She did. She was in this place to learn. She learned that afternoon, among other things, that she could look into the lotus of her neighbor and please herself. She pleased herself, she pleased Yun-Mei, they pleased each other. They made a scented mess of the towel, then the sheets. They warmed enough for Li Na's socks to come off (Yun-Mei thought them charming), for her feet to be scented, too, when her wrists finally cramped. The threads got disgracefully soiled, their fingers were wet to the second knuckle, the bound ones and several others, and the mirror handle and cheeks and lips as well. They were silly. They were loud. They would be put to work in the laundry the next day by their grinning Elder Sisters, who had a few rules about disrupting the peace of the dorm.
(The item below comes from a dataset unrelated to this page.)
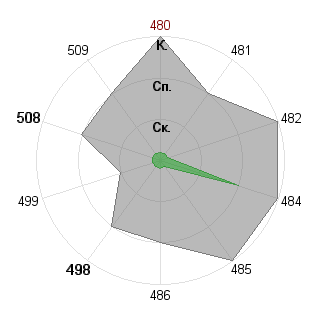 Анастасия Мортикова (Stacey): Соответствие профессии «тест-организатор-1»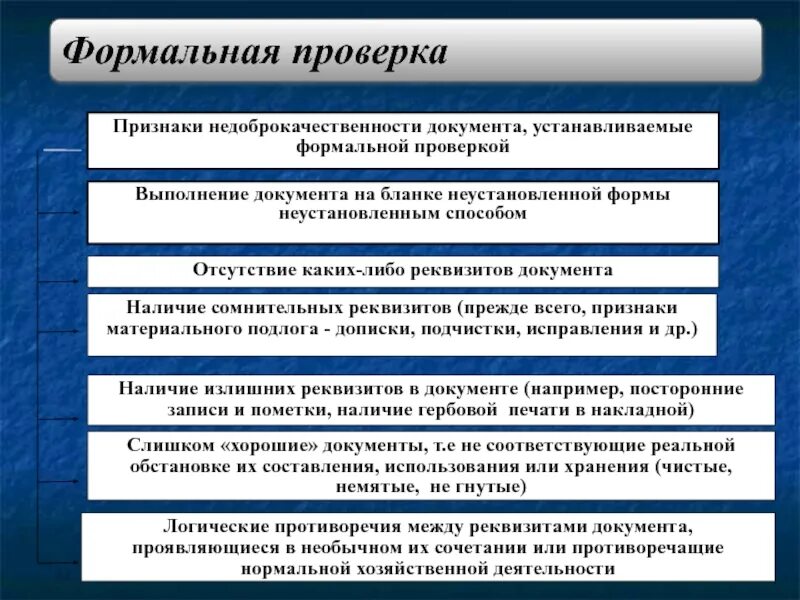 Формальная проверка документации. Метод формальной проверки документов. Формальная проверка документов это проверка. Формальная процедура контроля..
They were assigned essays on decorum and thrift and respect for Guild holy days, but they took honors in certain advanced skills later that year.

 

Inara stitched and recalled. They were friends through the Academy, through House Medrassa, through multiple names, across space, through time. The first decorations they added to their formal robes were their apprentice names, entwined.

Companions remember, they do not mourn. Inara kept winter in her heart and on the hem of her dress, the edges of her sleeves. Next to a name, among silver snow drifts and a Solstice sun, she added a white plum blossom with a golden heart.


End file.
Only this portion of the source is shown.